The reasons given today for its extended three-day rally are the
strong export data for January and growing prospects of more interest
rates cuts in the US following indications of a slowdown in the
US economy.
Economists are expecting more ringgit advances next week as US
funds move into countries such as Malaysia which have kept their
interest rates steady yet competitive.
Malaysia has maintained its benchmark interest rate, the overnight
policy rate, at 3.5 percent.
The strong global demand for commodities will continue to be another
major catalyst for the ringgit's strength, going forward.

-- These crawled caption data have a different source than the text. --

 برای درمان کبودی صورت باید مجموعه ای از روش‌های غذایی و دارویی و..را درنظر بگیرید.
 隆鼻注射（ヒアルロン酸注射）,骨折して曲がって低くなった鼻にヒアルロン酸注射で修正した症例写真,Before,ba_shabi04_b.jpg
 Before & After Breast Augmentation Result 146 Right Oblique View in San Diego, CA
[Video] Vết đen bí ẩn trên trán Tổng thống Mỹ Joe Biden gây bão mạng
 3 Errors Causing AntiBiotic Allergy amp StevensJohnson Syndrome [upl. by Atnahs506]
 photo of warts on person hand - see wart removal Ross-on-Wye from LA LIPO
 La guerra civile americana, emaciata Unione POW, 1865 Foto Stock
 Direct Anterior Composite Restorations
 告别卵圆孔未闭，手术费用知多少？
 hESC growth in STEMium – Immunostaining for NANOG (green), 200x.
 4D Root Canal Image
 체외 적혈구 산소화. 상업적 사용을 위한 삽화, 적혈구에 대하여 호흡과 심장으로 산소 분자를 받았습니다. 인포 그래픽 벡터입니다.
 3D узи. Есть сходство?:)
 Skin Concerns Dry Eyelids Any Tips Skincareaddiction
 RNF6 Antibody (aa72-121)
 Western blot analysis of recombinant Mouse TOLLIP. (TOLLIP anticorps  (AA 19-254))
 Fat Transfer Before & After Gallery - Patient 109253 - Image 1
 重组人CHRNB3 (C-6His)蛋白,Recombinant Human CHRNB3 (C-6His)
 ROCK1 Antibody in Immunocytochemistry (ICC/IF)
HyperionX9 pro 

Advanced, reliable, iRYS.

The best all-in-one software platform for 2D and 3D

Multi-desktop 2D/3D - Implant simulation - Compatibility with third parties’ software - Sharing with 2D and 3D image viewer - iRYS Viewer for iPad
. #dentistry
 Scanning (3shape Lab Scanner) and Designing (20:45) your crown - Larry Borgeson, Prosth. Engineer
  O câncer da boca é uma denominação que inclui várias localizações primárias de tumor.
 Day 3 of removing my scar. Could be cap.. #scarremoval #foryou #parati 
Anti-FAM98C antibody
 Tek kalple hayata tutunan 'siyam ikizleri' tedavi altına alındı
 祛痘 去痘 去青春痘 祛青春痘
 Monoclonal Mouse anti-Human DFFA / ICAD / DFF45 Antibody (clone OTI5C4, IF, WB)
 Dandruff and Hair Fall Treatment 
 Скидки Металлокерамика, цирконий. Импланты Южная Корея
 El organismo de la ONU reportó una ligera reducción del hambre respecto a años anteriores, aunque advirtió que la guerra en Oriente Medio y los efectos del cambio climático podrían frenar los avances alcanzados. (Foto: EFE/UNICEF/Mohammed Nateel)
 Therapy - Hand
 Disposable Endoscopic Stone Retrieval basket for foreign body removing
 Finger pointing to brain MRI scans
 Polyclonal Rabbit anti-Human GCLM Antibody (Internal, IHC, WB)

But many analysts believe the ringgit's growing strength is in fact
reflective of the muscle that the Malaysian economy is gaining,
especially in terms of increasingly vibrant domestic economic activities
that have the potential to shrug off much of the fallout from any
US economic slowdown or even recession.
This is buttressed by the fact even though the US remains a major
trading partner, Malaysia's overall exports have barely flagged
- growing in fact at 10.4 percent in January - and its trade surplus
expanded 4.1 percent that month for the 123rd consecutive month
of trade surplus since November 1997.
A currency trader is expecting the ringgit to move much high against
the US dollar in the near term, especially as other Asian currencies
have also risen strongly against the greenback.
The Singapore dollar and ringgit were the best performing Asian
currencies today. Other regional currencies such as the Philippines
peso and Taiwan dollar also gained significantly today.